Devon, PA. As my latest pair of essays on FPR scrolled across the screen, New York Governor Andrew Cuomo was keeping the family legacy alive of undermining the obligations of public officials, Catholics, and all persons to live, act, or govern in keeping with the natural law. For reflections much more informative and significant than the motorcycling glee about the Stonewall, I direct the reader to the following articles.

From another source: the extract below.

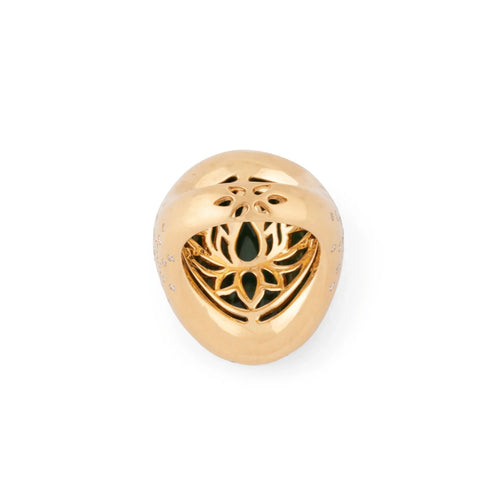 Bague 54 Bague en or jaune brossé, malachite et diamants 58 Facettes 1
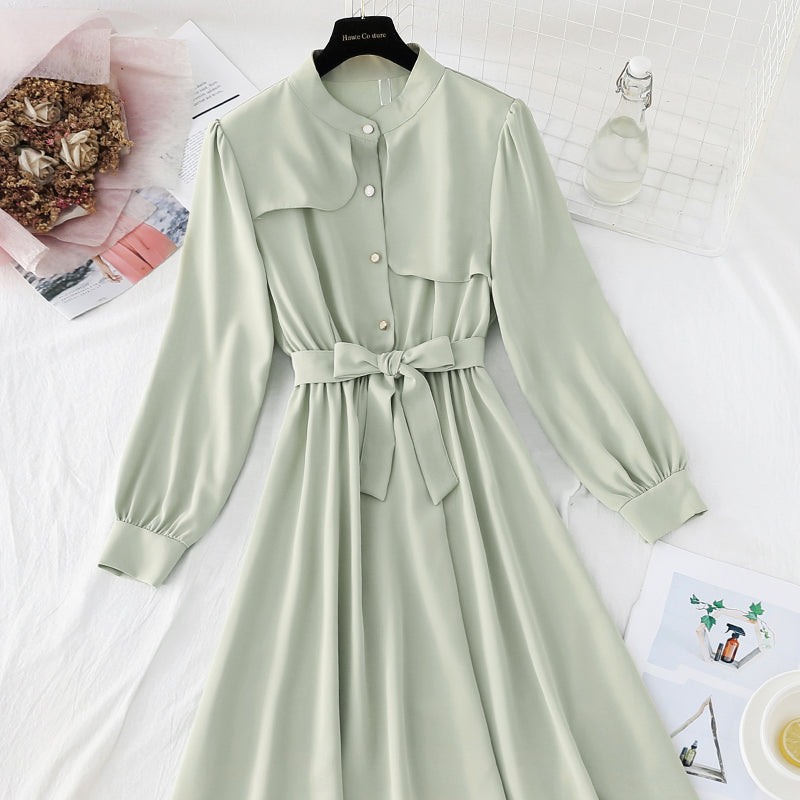 Dress design sense of minority lace up solid color thin skirt for children  4090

In an interview with National Review, Robert George weighs the significance of New York’s institution of “Gay Marriage.” The legislation effectively ends marriage as a reality in a state whose populace had de facto ceased to recognize the centrality of marriage to the life of persons and society long ago. George observes of the two most powerful executives in the state:
Gov. Andrew Cuomo and Mayor Michael Bloomberg, the state’s two most powerful and influential politicians, plainly buy much, if not all, of the ideology of sexual liberalism and publicly lead their lives in accordance with it. Although they claim to be supporters of marriage who merely want to “expand” the institution (or expand “access” to the institution) out of respect for what they regard as the civil rights of people to have their romantic partnerships (whatever their shape) recognized and legitimated by the state, both are reported by New York media to openly cohabit with women with whom they are not married. They do this not in defiance of their stated beliefs about sexual morality and marriage, but in line with those beliefs. Neither supposes that he and his mistress are setting a bad example for children or undermining the public’s faith in important marital norms. As orthodox sexual liberals, neither the governor nor the mayor believes in a conception of marriage in which marriage is normative for sexual partnering; indeed, neither believes in norms of sexual morality as traditionally conceived, even apart from any question about same-sex partnerships. Both regard “civil marriage” as nothing more than the legal blessing of romantic partnerships, and neither gives any indication of ever having remotely considered an alternative view. Both have so thoroughly absorbed the premises of sexual liberal ideology that the possibility of an alternative doesn’t cross their minds. For them, it is all a matter of “us urbane, sophisticated, tolerant, open-minded, defenders of civil rights, against those ignorant, intolerant, hateful homophobes.”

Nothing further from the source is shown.